女性たちが話す。ただそれだけのシンプルな舞台。
圧倒的な俳優陣をそろえて展開する会話劇と、時折挿入されるビジュアル。深い哲学に触れていく素晴らしい映画体験でした。「ウーマン・トーキング 私たちの選択」の感想はこちら
第8位「トランスフォーマー ビースト覚醒」
実際のところ、決してウェルメイドな映画ではない。穴もあるし歪んでる。
しかしすっごく久しぶりに観る前も観てる最中も楽しかった映画でした。
「バンブルビー」を除くと結局は人間もトランスフォーマーもばらばらにうごいていた実写作品ですが、今作は3つの勢力を出しておきながらも、本当にユナイトして戦うクライマックスに完全に持っていかれました。
On My Soulに合わせての最終決戦、たぶん今年一の熱さでした。「トランスフォーマー ビースト覚醒」の感想はこちら
第9位「対峙」
観るのがかなりしんどい映画ですが、でも観て本当に良かった作品です。
最も世界を呪ってしまいそうになる事件について、さらに厳しい形で対談するというセンシティブな作品ですが、演者の力や小さな部屋での演出が行き届いていて、素晴らしい体験でした。「対峙」の感想はこちら
第10位「青いカフタンの仕立て屋」
10位は結構悩んだのですが、マリヤム・トゥザニ監督のモロッコの作品です。
こちらは単純に、美しい映画でした。その美しさというか、繊細さと機微は今年一番かもしれません。

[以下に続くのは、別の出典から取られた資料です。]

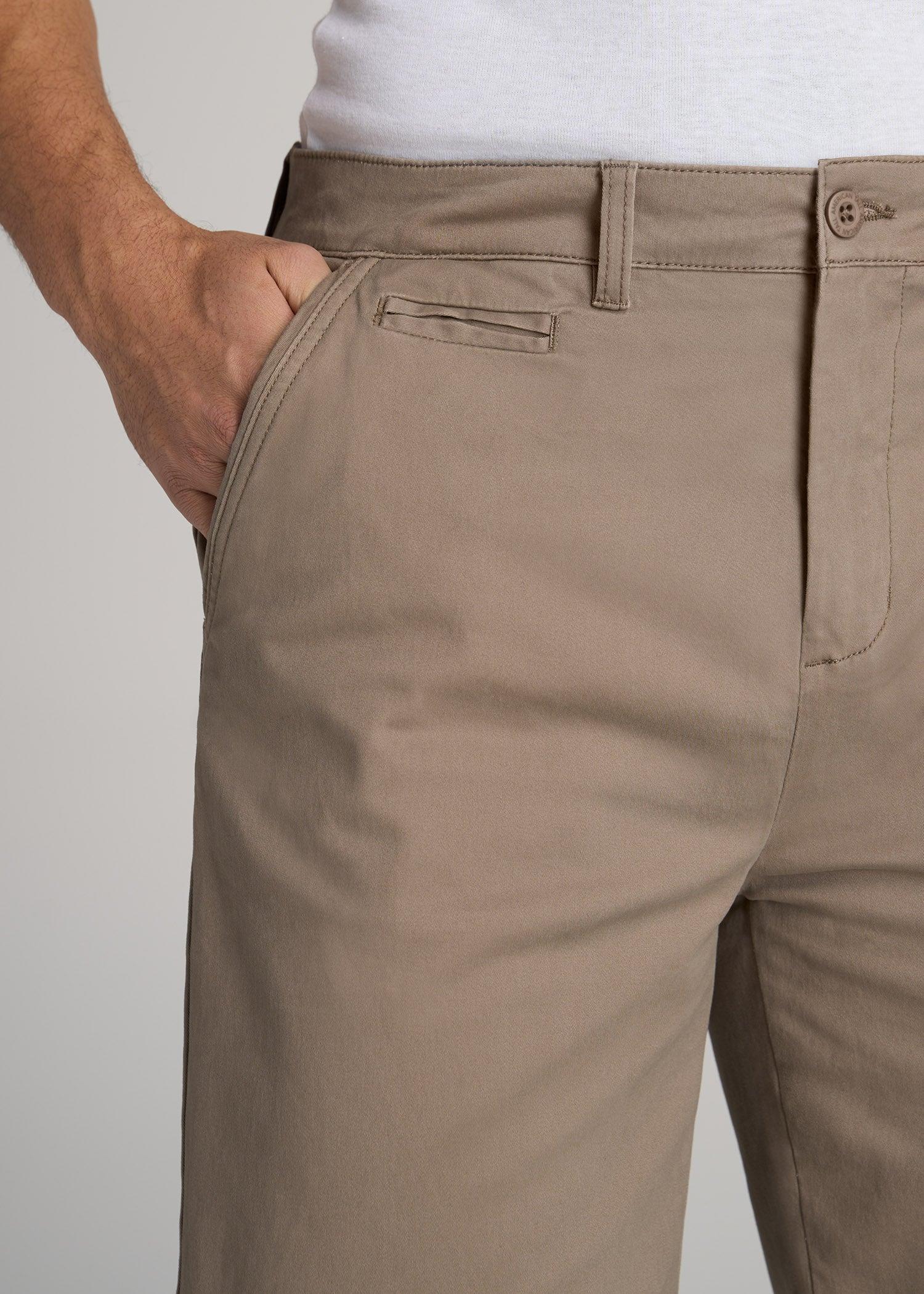 Chino Shorts for Tall Men in Fatigue Green Product Image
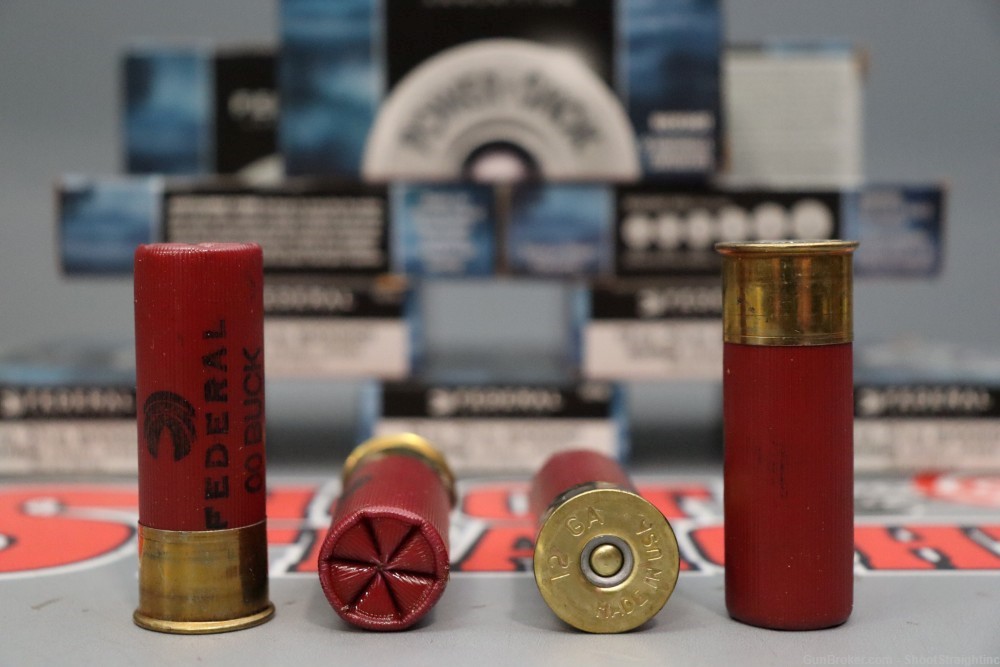 Lot o' 50 Shells of Federal 12GA 2 3/4" #00-Buck Ammunition -img-6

イスラム教社会と個人の中で形成される社会。どこまでも奥深くて思慮があり、こんなにも根源的な部分で相手を愛している夫婦はいない。こんな風になりたいと思ったものです。
さて、ほかにも以下の作品は結構好きで、ランクインはしなかったですがすごく良かったです。「青いカフタンの仕立て屋」の感想はこちら
「ダンジョンズ&ドラゴンズ/アウトローたちの誇り」、「バービー」、「バビロン」、「長ぐつをはいたネコと9つの命」、「生きる Living」、「ファルコン・レイク」、「ランガスタラム」、「K.G.F CHAPTER1&2」、「君は行く先を知らない」、「シチリア・サマー」。
配信でもいろいろな作品を観ることができて、合計で250本くらいの鑑賞とここ数年では一番多く本数がみれました。
今年は映画鑑賞料金が2,000円に値上がりしたりと逆風もありましたが、これからも頑張って映画館へは通いたいものです。
年明け早々に「エクスペンダブルズ4」があったり、これからは賞レース関連も盛り上がっていくので、まだまだ楽しみは多いです。
皆さんの2023年ベストはどうでしたでしょうか。お気に入りの作品に出会えていると良いですね。
ではまた。
コメント
あまり被りがないので、大変参考になります!
コメントありがとうございます。
他の方の映画ランキングを見ると、また違った視点で作品を知れておもしろいですね。